While many analysts have attributed the GCC states’ lack of support for Pakistan amid this situation to the fact that the GCC’s annual trade with India is to the tune of 100 billion, there is more at stake than economics alone.

Among the Arab Gulf states, there is a general belief that India is a largely benign power and that its geopolitical ascendancy in the 21st century would serve their interests in a world that is growing increasingly multipolar.

Although India has not taken steps to demonstrate a major interest in—or perhaps capacity to carry out—a more pronounced role in the Gulf’s security landscape as an increasingly important player in the global economy and geopolitical arena, GCC states would welcome such a development.

As Walter Russell Mead wrote in his Wall Street Journal opinion piece, “As a growing market for Arab oil and gas, as a source of highly trained and competent personnel, and as a friendly country with a powerful military and a strong interest in geopolitical stability, India is a valuable neighbor in a dangerous part of the world.”

A worrisome situation

Thus, although certain statements, as well as the lack of a response, from the GCC states are illustrative of the extent to which Arab Gulf states value their deep and multisided bonds with India, there is no doubt that GCC officials are concerned about the tensions in Kashmir.

Violence in the land that Pakistan and India (and China) have disputed for decades has potential to play out in the Arab Gulf sheikdoms given the diversity of many communities from West Asia and the subcontinent present in all GCC states.
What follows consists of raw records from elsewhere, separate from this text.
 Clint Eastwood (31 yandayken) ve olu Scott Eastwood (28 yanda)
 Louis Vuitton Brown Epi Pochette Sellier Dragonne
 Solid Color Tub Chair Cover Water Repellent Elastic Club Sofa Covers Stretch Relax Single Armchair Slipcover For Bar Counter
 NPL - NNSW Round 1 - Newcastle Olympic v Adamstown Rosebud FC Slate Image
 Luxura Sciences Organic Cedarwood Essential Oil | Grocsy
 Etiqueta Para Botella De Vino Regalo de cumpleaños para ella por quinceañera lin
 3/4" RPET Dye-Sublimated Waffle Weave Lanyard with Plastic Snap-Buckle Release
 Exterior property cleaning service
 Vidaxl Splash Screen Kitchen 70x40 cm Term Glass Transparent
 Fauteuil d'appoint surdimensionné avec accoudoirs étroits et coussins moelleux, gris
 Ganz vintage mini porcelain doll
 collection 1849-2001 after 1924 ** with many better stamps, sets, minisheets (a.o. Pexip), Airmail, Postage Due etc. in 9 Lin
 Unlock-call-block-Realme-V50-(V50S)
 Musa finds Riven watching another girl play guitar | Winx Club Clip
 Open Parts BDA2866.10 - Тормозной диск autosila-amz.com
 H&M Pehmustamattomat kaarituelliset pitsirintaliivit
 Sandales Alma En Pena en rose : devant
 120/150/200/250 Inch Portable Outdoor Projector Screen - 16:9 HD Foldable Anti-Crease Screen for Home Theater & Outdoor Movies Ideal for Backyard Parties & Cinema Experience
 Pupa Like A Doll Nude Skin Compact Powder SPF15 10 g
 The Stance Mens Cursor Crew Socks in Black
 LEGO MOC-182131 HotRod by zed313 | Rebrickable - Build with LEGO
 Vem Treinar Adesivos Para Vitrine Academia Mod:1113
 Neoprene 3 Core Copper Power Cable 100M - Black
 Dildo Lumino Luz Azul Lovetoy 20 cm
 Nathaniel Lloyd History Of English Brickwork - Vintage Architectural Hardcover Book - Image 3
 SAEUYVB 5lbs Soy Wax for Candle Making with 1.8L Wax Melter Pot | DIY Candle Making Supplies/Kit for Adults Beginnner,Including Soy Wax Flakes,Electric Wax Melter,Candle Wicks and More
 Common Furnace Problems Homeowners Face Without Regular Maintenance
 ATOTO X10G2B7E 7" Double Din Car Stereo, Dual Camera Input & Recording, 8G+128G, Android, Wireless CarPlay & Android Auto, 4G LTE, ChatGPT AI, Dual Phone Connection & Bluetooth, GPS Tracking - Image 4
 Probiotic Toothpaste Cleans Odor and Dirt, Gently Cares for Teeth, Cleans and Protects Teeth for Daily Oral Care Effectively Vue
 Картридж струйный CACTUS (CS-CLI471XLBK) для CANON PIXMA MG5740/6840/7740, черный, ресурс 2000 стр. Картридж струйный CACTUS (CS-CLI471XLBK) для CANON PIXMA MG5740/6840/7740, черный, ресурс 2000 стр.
The recent legal action taken against a number of South Asian expats who held a protest in Bahrain that was in solidarity with Kashmir against India exemplified how real links between the Kashmir Valley and the Gulf can be a cause for grave concern from a security standpoint. With the Pakistani Prime Minister stating that he refuses to talk to Indian officials regarding Kashmir, not only the GCC states but also governments worldwide, are justifiably worried about the potential consequences of Article 370’s abrogation that could play out in the Gulf.